Some fans were beginning to think the Motown music legend might never hit the road again, which is one of the reasons why the recent news of his 13-city tour was greeted so warmly.
During a recent telephone interview from Los Angeles, the 57-year-old legend spoke first of what motivated him to finally mount another tour.
“The greatest inspiration was my mother,” he says softly. “It was inspired by the kind of love that she gave me. She was so encouraging to me.”
Wonder’s mother, Lula Mae Hardaway, died last year at the age of 76. An Alabama native, Hardaway played a key role in her son’s career, both as a staunch supporter and as a talented co-songwriter. She helped pen three of Wonder’s best-known early-era songs — “I Was Made to Love Her,” “Don’t Know Why I Love You” and “Signed, Sealed, Delivered, I’m Yours.”

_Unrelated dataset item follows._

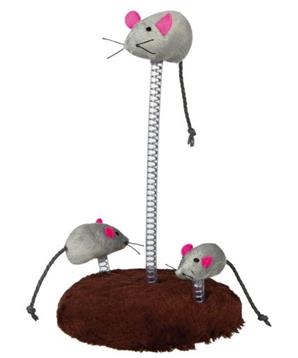 Myší rodinka na pružině 15 x 22 cm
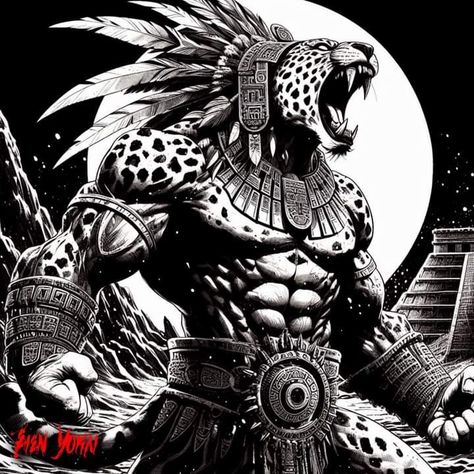 Aztec Drawings, Aztec Drawing, Aztec Tattoo Designs, Aztec Tattoo, Aztec Warrior, Aztec Art, Gods And Goddesses, Pictures To Draw, Jaguar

“All I can do is celebrate her life, celebrate what she did and how it was, through her, I was able to do the things I was able to do in my life,” Wonder says.
This tour, dubbed a “Wonder Summer’s Night,” is also Wonder’s attempt to repay audiences for the huge difference they made in his and his mother’s lives.
“Through the appreciation I’ve received from my fans, I was able to do things for her, in her life, that may have never happened [otherwise],” he says. “There’s just an appreciation to you all for making those things happen, in my life and for my family. So, through song, I want to say thank you.”
That gratitude will manifest through fan-friendly set lists that should share much in common with Wonder’s better “best of” compilations. According to the shows’ promoter, Live Nation, Wonder will be performing “all of his classic hits.”
All of those songs remain fan favorites and, even four decades later, Wonder says he still feels good about playing them live.
“The reason that I do feel good about it is because I take myself, or put myself, in the place of the experience of it,” he says. “While I’m doing a song, it’s like the first time.”
What’s commonly referenced as Wonder’s “classic period” began with the release of two albums — “Music of My Mind” and “Talking Book” — in 1972. The heart of the order was 1973’s “Innervisions,” 1974’s “Fulfillingness’ First Finale” and 1976’s double-disc “Songs in the Key of Life,” all of which, amazingly, managed to capture album of the year honors at the Grammy Awards.
That era produced such fan favorites as “Superstition,” “You Are the Sunshine of My Life” and “Boogie On Reggae Woman,” as well as one legend that still swirls through music circles to this day.
As rumor has it, Wonder went into the ’70s with most of his classic cuts already written, and he smartly parceled them out over time to create what is surely one of the most satisfying runs of consecutive albums in popular music history.
There is some truth to that legend, Wonder says.
“There were certain songs that I had that were complete,” he says. “But a lot of them were not even born, or weren’t complete. Or I may have had the melody and music and the basic idea for some of them.”
Wonder’s willingness to lend his voice to social and political causes has remained a constant throughout the years. For instance, he recently participated in the Live 8 concerts to raise awareness about global warming.
He shares Al Gore’s concern for the environment, but says the issue that he currently finds most troubling is “the annihilation of human beings,” particularly when it is in the name of religion.
He’s working on a gospel record he plans to dedicate to his mother, and says fans might even hear some of the new songs in concert. For the most part, however, he plans to keep the shows centered on the songs his fans all know by heart. Wonder says there won’t be any drastic rearrangements of the hits. He intends to play them in the fashion that fans are used to hearing them.
“For the most part, I feel really comfortable with what I’ve given to the people,” he says. “I want to give it to them again.”